一番最初に安全会議をしたときのテーマがこれに近かったんです。

似たような話になるんですが、情報を整理するという意味も込めて、今回は権利利益と行為能力というお話をします。

一昨年の夏に権利と義務の話をしました。

そのときは、人権というところにスポットを当ててお話をしたのですが、わずか1.2時間くらいで人権を語るのは無理がありますので随分と端折った内容だったなぁと記憶しています。

そもそも、わたし、学者じゃありませんので、世間一般論としての人権としてお話をしたわけですけれども、人間、たかが一回聞いただけの内容を記憶に留めるなんてことはできないですよ。

記憶に残るような特別な出来事があったりしたら別ですけど。

 

そんなわけで、一昨年の話を復習しつつも権利利益と行為能力というお話をしていきます。

これが我々の職業にどうつながるのだ?と疑問に思うでしょうけど。

そのうちに、あー、こんな話もしていたなと思い出してもらえたらと思います。

 

さて、我々の人権とか権利とか、この『権』という文字、いたるところに出てきます。

憲法にもあるのですが、人権の他に財産権とか。

利益の性質による分類で非財産権的なものを人権、財産権にあたるものを物権、債権、と呼びます。

その他に効力の範囲による分類で絶対的効力がある人権や物権があり、相対的に効力があるもので、債権という分け方もあります。

請求権、損害賠償請求権とかそれですね。

他に、作用による分類で支配権、形成権ですね。

この辺は私もよう知らんですけど。

 

で今回注目するのは、利益の性質による分類であって、財産権(債権・契約、請求権)と非財産権(人権・権利能力、行為能力)の話になります。

 

皆さん、ご存知の通り、現憲法下では国民が一番大事なんだってされています。

日本は国民の人権を脅かす恐れのある国家権力を憲法というもので分割して(三権分立)権力濫用(権利利益の侵害)を阻止してくれています。

あ、コイツ、儲けているな、とか、気に食わないなぁとかで税金をふんだくる。

財産没収をするとかって、『勝手に』できないんですよ。

人権(非財産権)(財産権としての債権も)は保障されているんです。

基本的には。

 

じゃ、国が国民に対して何かしらを働きかけるとはどういうことかというと、国会が法律を作ることを言います。

唯一の立法機関である国会が法律を作って、その法律を根拠に行政が我々に義務を課すんですよね。

 

憲法の理念に基づいて作られた法律であれば、精神的自由に対する厳格な審査基準や経済的自由に対する緩やかな基準といった二重の基準の理論により、精神的自由を制約する法律の憲法判断について司法権は積極的に介入し厳格な審査基準の下に行い、経済的自由を規制する法律の憲法判断については国会の判断を尊重することとなります。

この他、合理性の基準における積極、消極的な目的規制から合憲性を判断することがありますが、これらは明らかに条規に反するものでなければ、一応は適法であるのだから、(公定力)(憲98条 この憲法は国の最高法規であって、その条規に反する法律、命令、詔勅及び国務に関するその他の行為の全部又は一部は、その効力を有しない)訴訟の内容にもよりますが、裁判で『違憲若しくは違憲状態である』といった判決があるまでは国民に対し義務を課しても良いという理屈になりますので、法律に対して皆さんに訴えの利益があると主張することで、裁判を起こすことも不可能ではないんです。

(裁判所法3条一項・裁判所は日本国憲法に特別の定めのある場合を除いて一切の法律上の争訟を裁判し、その他法律において特に定める権限を有する。

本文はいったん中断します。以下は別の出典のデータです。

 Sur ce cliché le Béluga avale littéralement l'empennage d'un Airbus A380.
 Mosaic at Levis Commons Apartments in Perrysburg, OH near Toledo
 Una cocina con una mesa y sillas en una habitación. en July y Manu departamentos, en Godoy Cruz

))

 

じゃぁ、国と国民の関係は憲法で保障をするとして、『国民同士の紛争』があったらどうしようって問題を解決するのが民法(国民同士の関係で私法)なんです。

まずは憲法で国民が一番大事、国民主権だよとうたっておいて、且つ人は平等(法の下の平等 憲14条・すべて国民は法の下に平等であって人種、信条、性別、社会的身分又は門地により、政治的、経済的又は社会的関係において差別されない。≠合理的な事実上の差異による差別は許される)だから、みんなも大切なんだ。

 

みんな国民は権利があって利益を享受していいんですよ。

ほら、公共の福祉に反しない限りにおいてって条文があったでしょ。

道徳としての問題は別として、人の権利を侵害していないなら基本的には許されるんです。

基本的にはって言いましたけど、民法1条各項の基本原則に

・私権は公共の福祉に適合しなければならない。

・権利の行使、義務の履行は信義に従い誠実に行わなければならない。

・権利の濫用はこれを許さない。

という条文があるので、基本的にはと留めます。

でも国民同士で権利利益の侵害があったとする。

モノを壊された(財産)、盗まれた(財産)殴られた(不法行為による損害賠償請求(傷害罪、暴行罪は国と国民との関係で公法の刑法で対応する))

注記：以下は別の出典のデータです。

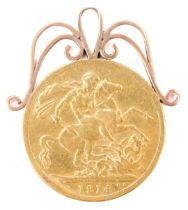 A George V gold full sovereign, dated 1914, in yellow metal mount, 8.7g.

そんなときの事情を公平に解決するために、民法が用意されているんです。

 

人の権利を侵害したことによる民事上の損害賠償はあるんです。

これは私法、民法上の不法行為による損害賠償だから。

*事実行為と法律行為の違い

人を殴った→事実行為(契約によらない・他に事務管理と不当利得がある)→不法行為

仕事で損害が出た→法律行為(労働契約の履行遅滞、不完全履行、履行不能)→債務不履行

(民・709条 故意又は過失によって他人の権利又は法律上保護される利益を侵害した者は、これによって生じた損害を賠償する責任を負う)

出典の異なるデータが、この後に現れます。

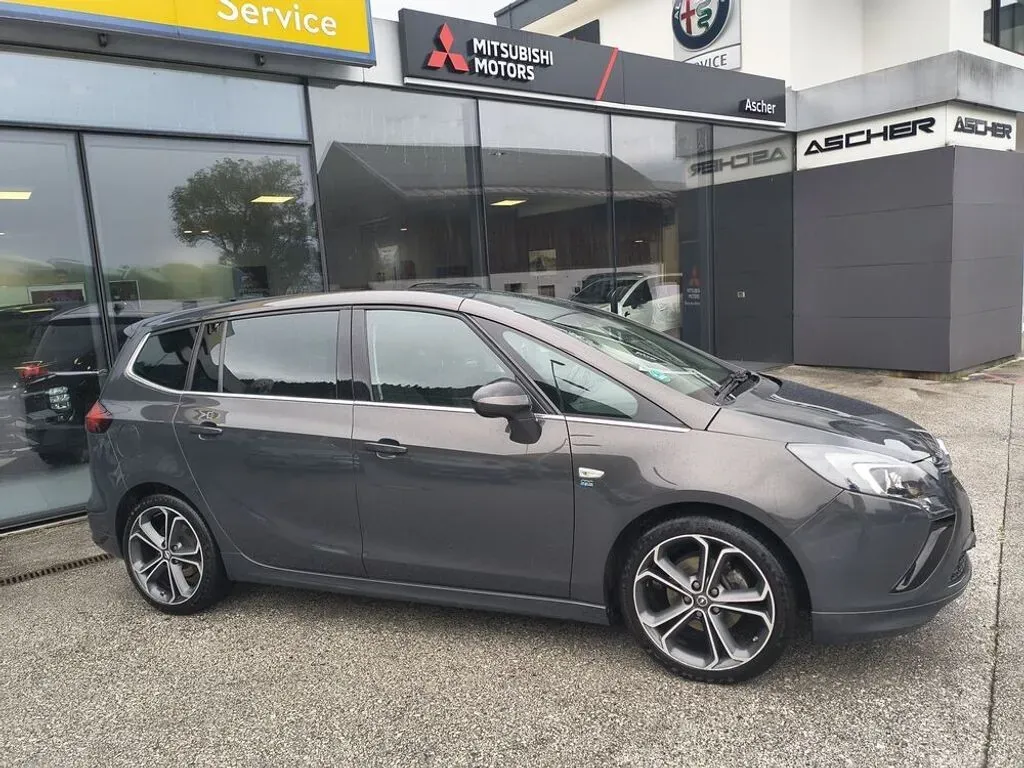 Opel Zafira 2015 photo 2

(民・415条 債務者がその債務の本旨に従った履行をしないとき又は債務の履行が不能であるときは、債権者は、これによって生じた損害の賠償を請求することができる。)

罪刑法定主義って話と自動車運転死傷行為処罰法ができた理由、覚えてますか?

その当時、罪刑が法定されていなかったから罪に問えなかったんですよね。

とんでもねぇ話だ。だから無期懲役にしちまえってわけにはいかなかったんです。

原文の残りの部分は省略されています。